中国――日本 友好の絆 浙江

 

飛躍する「静岡工業団地」

杭州市内から車で1時間ほどで蕭山経済技術開発区に到着する。1990年に設立されたこの蕭山経済技術開発区は浙江省の重点開発区であり、日系企業の投資が最も集中している地区でもある。

ショーケースに並ぶ自動車ライトの金型を指して、友成控股有限公司(持ち株会社)の許勇総経理(社長に相当)は「金型の年間販売額は3億元に達します。ベンツ、BMWなどの金型も製造しており、商品は米国、日本、インド、ドイツなど10数カ国・地域に輸出されています。自動車の生産国には、まずわが社の製品もあると言えるでしょう」と紹介した。その様子から、彼が自社の製品に大きな誇りを感じていることが分かる。

「わが社は中日国交正常化20周年、浙江省・静岡県友好提携10周年を記念して設立されました」と話す許総経理は、1995年に入社してからこれまで17年間、会社の歴史とともに歩んできた。1988年、日本の企業家が浙江省を訪れ地元企業の経営診断を行い、浙江省も研修生を日本に派遣したことが、協力の契機となった。1992年、日本の友成機工株式会社が蕭山で初の日系企業を創立した。しかし、「創立当初は収益が悪く、1994年の販売額はわずか392万元」(許総経理)だったが、1995年以降、三菱、東芝など多くの企業が団地に入ると、友成は次第に精密なブラスチック金型・部品を研究・開発、製造する大型企業になっていった。今では同社の取引先は自動車メーカーから、OA、家電など多方面に及び、東芝、ゼロックス、松下など世界の企業ランキングに入るような企業や有名多国籍企業のために部品を提供している。同社は2005年10月に香港のベンチャー証券取引所のGEMで上場、2010年の年末に香港メーンボードで上場した。2011年、同社の販売額は10億元に達した。

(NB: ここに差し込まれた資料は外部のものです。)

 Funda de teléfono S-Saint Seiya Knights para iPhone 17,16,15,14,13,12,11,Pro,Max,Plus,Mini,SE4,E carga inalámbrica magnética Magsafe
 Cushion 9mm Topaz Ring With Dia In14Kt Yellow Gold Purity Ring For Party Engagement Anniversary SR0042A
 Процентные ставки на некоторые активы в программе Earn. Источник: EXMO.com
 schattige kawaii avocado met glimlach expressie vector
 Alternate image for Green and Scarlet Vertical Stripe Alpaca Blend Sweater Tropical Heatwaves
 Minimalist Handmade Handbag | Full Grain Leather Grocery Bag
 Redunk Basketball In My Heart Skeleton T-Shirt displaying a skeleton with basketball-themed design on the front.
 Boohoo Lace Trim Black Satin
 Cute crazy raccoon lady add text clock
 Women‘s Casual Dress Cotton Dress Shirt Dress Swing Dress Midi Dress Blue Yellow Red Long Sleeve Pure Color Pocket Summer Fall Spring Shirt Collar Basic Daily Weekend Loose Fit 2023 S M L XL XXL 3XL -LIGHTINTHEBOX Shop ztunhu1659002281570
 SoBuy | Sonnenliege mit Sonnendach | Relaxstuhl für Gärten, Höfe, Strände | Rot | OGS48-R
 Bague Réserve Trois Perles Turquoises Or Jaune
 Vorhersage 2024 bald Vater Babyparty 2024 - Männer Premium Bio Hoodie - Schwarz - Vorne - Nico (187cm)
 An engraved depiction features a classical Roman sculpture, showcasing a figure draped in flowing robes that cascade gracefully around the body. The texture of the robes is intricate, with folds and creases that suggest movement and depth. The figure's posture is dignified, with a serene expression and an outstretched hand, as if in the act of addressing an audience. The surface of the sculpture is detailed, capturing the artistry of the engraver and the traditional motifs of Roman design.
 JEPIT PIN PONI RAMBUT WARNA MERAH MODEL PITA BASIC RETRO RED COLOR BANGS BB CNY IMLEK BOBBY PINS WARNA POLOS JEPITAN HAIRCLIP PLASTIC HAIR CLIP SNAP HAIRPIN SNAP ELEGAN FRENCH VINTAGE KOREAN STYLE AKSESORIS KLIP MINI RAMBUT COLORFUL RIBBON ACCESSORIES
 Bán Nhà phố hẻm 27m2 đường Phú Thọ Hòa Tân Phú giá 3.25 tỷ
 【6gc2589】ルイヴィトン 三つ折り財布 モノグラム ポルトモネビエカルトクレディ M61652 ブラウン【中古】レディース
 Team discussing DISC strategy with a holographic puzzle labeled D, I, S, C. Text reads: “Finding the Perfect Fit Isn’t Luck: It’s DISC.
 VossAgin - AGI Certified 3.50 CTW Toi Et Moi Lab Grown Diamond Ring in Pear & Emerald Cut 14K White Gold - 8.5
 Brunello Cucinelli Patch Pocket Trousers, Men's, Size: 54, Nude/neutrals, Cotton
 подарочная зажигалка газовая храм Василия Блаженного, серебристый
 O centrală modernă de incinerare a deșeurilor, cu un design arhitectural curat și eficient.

島林学歩副総経理は2007年からここで働いている。実はこれ以前、彼は一度も中国に来たことがなかった。「急速な発展をしている中国では、5年間の変化が非常に大きく、ここで働くことをとても楽しく感じています」と話す島林さん。杭州市には2000人を超える日本人が暮らしており、日本人会や日本クラブだけでなく、野球チームまであるなど、生活には何の不便も感じないという。現在、島林さんは家族と杭州市に住んでいるが、将来の生活設計について質問すると、「総経理がクビだと言わない限り、私はずっとここで働きたいと思っています!」と、ウイットに富んだ答えが返ってきた。

友成がリードする形で、蕭山にはヤマハ、テルモなど多くの企業が次々と進出して来た。2003年設立の杭州ヤマハ楽器有限公司は、主にアコースティックピアノ、アコースティックギターと電子ピアノを製造している。斉藤実副総経理は「現在、年間5万台のアップライトピアノ、10万台のギターを生産しており、年間販売額は8億元に達しています。ピアノの製造台数では中国第2位です」と、事業の好調さを紹介する。

蕭山瓜瀝鎮にある杭州ヤマハ楽器有限公司のピアノ生産ライン

統計によると、1994年以来、静岡県はこれまでに60社余りの大型企業を浙江省に設立し、投資総額は2億5000万㌦に達している。

経済協力を推進するために、1993年10月、浙江省静岡県経済交流促進機構が設立された。毎年総会を開き、経済交流の中で出現する新たな課題について検討し、企業の共同出資と協力を支援している。